(COLLECTED DATA Opens)
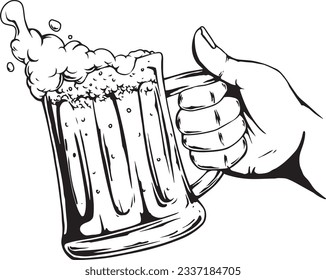 illustration hand cheers with beer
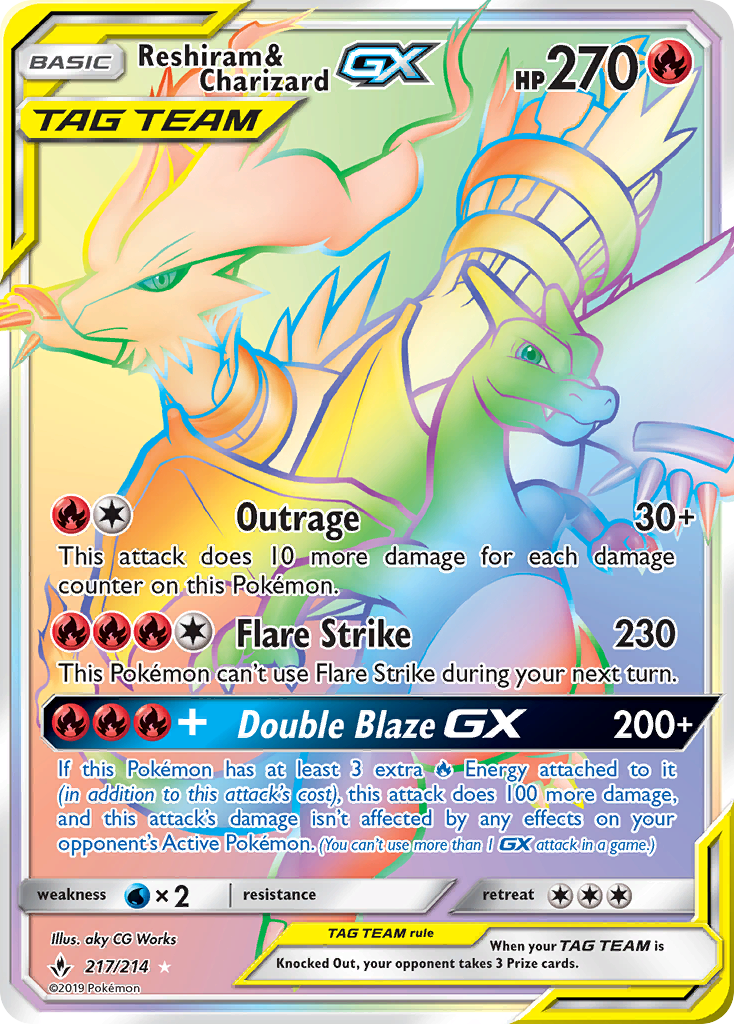 Reshiram & Charizard-GX 217/214 Pokemon card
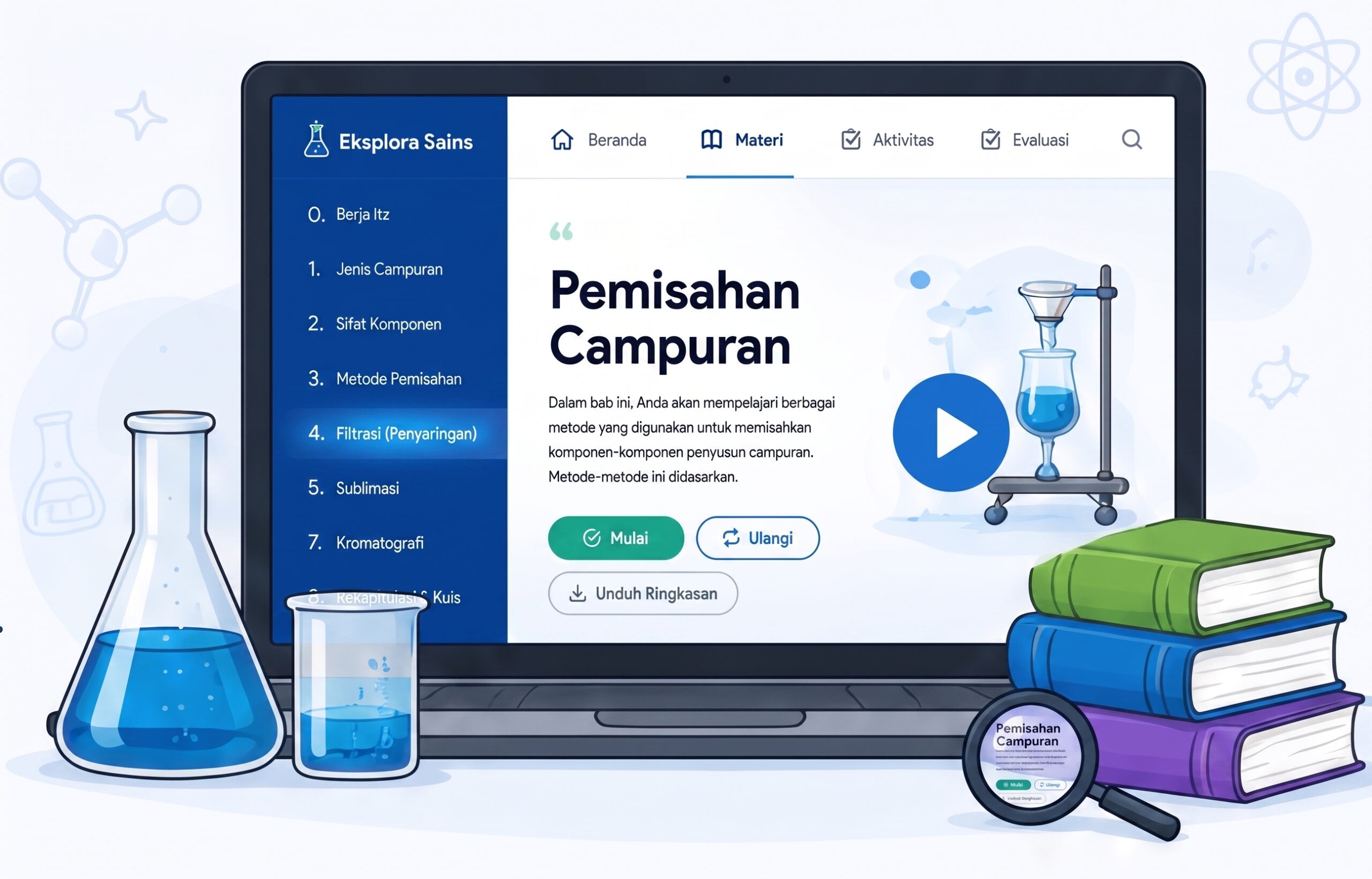 Ilustrasi Petunjuk Penggunaan Eksplora Sains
(COLLECTED DATA Closes)
[TRY IT]:
Your answer should contain all the material above, written out exactly, and none of the pictures.

[SOLUTION FOR THIS TASK]:
 illustration hand cheers with beer
 Reshiram & Charizard-GX 217/214 Pokemon card
 Ilustrasi Petunjuk Penggunaan Eksplora Sains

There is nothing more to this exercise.